Description
What this project could be
I think this project needs someone who wants to make a world class python dataframe library and user experience take the helm. I will argue why I think this is a compelling opportunity to make a great piece of technology and have a wide impact across the data analytic space:
What this project could be
I think this project could be one of the most widely used data analysis libraries out there.

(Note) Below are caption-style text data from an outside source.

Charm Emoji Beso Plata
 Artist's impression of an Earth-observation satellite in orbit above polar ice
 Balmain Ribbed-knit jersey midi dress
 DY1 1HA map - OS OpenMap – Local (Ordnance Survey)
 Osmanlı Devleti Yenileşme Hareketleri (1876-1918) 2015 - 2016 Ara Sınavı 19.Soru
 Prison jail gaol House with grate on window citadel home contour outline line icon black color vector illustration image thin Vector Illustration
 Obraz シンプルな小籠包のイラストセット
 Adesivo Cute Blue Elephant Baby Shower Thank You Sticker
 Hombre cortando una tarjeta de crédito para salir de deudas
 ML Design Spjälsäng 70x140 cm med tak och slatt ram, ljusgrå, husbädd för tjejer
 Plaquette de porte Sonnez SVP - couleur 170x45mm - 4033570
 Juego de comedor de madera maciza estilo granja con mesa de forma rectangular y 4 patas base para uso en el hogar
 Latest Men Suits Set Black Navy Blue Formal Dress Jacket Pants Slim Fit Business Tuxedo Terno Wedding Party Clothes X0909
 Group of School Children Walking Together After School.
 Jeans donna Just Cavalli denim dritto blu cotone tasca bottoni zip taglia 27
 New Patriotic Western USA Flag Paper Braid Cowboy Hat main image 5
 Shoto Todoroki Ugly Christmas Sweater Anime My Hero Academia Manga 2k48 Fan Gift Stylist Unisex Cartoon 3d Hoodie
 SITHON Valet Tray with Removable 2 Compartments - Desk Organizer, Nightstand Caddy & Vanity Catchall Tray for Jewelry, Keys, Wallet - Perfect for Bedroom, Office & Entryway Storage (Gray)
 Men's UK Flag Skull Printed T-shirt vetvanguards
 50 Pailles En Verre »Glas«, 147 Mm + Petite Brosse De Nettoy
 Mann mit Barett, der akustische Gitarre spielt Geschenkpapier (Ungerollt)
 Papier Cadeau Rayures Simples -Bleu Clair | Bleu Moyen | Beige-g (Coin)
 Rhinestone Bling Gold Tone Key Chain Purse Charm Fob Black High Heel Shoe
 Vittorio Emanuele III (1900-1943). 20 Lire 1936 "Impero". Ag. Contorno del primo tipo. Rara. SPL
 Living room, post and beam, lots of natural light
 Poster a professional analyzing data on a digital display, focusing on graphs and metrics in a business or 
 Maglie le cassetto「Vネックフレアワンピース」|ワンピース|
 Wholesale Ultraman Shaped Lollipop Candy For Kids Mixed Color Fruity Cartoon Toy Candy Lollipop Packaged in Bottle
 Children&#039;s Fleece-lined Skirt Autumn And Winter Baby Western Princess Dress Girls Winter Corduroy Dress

Imagine a system that allows BOTH a fast dataframe API (ala pol.rs) but also first class SQL support (ala duckdb) that are both screaming fast (due to all the effort that goes into https://github.com/apache/arrow-datafusion) as well as easy to plug into the eco system (arrow / parquet) and extensible (UDFS, UDAs, etc)
DataFusion already posts great benchmark numbers, and I will post datafusion 28.0.0 benchmark when we have them.
How is this different than the mission of DataFusion?
DataFusion is a great project but is currently focused on building the core analytic engine:
DataFusion is a very fast, extensible query engine for building high-quality data-centric systems in Rust, using the Apache Arrow in-memory format.
This repository contains basic python bindings, but the user experience (UX) could be improved in so many ways.
The opportunity
This would be a great opportunity for someone to:
- Build some really cool technology
- Learn how to help grow an open source project and community with help and guidance from the rest of the DataFusion community
- Learn about analytic database technology, Arrow, etc
- Influence the direction of Development in DataFusion